Gesù vede Zaccheo su un sicomoro e si fa invitare a casa sua. William Hole, Vita di Gesù , 1890 circa.
"Zaccheo cercava di vedere
Gesù, ma non riusciva a causa
della folla, perchè era piccolo
di statura."
(Luca 19,3)
La vicenda vissuta da Zaccheo, in ebraico
Zakkai
, cioè “puro, innocente” – un nome un po’ paradossale per un personaggio molto discusso come poteva essere un capoesattore (architelónes
) per conto dello Stato straniero romano e dei suoi prìncipi ebrei
satelliti –
è narrata solo dall’evangelista Luca
che la ambienta nella città di Gerico, l’antichissimo e prospero centro situato in un’oasi
della valle del Giordano. Noi vogliamo evocare questo episodio per due ragioni. La prima
è nella citazione che abbiamo proposto e si
tratta solo di una curiosità.
Zaccheo sale su un albero di sicomoro,
una pianta tipica del clima subtropicale, perché – essendo basso di statura – non riusciva a vedere Gesù che attraversava la città circondato dalla folla. La curiosità è nell’ipotesi fantasiosa (e improbabile nel testo) che
quella “piccolezza” fosse propria della statura di Gesù.

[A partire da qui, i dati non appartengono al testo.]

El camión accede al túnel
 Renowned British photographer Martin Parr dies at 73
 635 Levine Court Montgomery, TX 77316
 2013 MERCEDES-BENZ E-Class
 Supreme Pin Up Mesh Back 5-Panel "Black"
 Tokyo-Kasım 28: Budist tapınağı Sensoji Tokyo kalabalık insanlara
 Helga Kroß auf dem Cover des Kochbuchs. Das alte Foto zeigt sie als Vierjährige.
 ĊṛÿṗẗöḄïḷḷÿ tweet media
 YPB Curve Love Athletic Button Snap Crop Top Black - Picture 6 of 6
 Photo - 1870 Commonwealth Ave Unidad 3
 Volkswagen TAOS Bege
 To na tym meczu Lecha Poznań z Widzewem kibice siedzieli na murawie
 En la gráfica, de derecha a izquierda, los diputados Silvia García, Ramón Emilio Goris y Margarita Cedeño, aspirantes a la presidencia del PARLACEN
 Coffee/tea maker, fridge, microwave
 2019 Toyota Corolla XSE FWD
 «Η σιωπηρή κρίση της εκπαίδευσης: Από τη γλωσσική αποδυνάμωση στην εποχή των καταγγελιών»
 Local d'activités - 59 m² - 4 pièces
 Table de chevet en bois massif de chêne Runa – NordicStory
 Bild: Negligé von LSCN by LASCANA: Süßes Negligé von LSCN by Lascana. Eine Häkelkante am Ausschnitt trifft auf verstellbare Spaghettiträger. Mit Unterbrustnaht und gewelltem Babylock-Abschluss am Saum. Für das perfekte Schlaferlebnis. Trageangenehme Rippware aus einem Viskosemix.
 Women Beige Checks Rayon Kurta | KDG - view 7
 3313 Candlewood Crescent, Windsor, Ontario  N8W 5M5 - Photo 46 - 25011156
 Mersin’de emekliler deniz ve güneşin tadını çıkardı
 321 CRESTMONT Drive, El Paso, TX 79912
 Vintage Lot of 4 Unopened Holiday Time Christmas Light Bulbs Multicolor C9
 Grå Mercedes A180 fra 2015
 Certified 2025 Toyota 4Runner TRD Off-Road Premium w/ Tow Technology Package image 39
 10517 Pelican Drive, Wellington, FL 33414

Questa interpretazione stravagante riflette il desiderio frustrato di sapere
qualcosa di più, attraverso i Vangeli, sulla figura concreta di Cristo. Nei primi secoli si è
cercato di colmare il silenzio evangelico ricorrendo ad applicazioni libere di immagini
bibliche messianiche.
Così, si è creato un Gesù dal viso sgraziato
per adattargli quel passo del quarto canto del
Servo sofferente del Signore che suona così:
«Non ha apparenza né bellezza per attrarre il
nostro sguardo, non splendore per poterne
godere» (Isaia
53,2). E Origene, nel III secolo,
aveva concluso, sulla scia anche della nostra
citazione lucana: «Gesù era piccolo, sgraziato,
simile a un uomo da nulla». All’antipodo si
colloca, a partire dal IV secolo, su influsso anche degli ideali classici greco-romani, il profilo di un Cristo avvenente, incarnazione di un
altro passo messianico anticotestamentario,
il carme nuziale regale del Salmo 45: «Tu sei il
più bello tra i figli dell’uomo».
Il poeta Eugenio Montale ha, invece, riletto
la scena un po’ umoristica di questo alto funzionario, ma basso di statura, che si inerpica
su un albero, come un emblema amaro della
personale incredulità del poeta: «Si tratta di
arrampicarsi sul sicomoro / per vedere
il Signore / se mai passi. / Ahimè, io non sono un
rampicante, / ed anche stando in punta di piedi, / io non l’ho visto».
Ben diverso, invece, è
stato l’esito di quell’ascesa per Zaccheo.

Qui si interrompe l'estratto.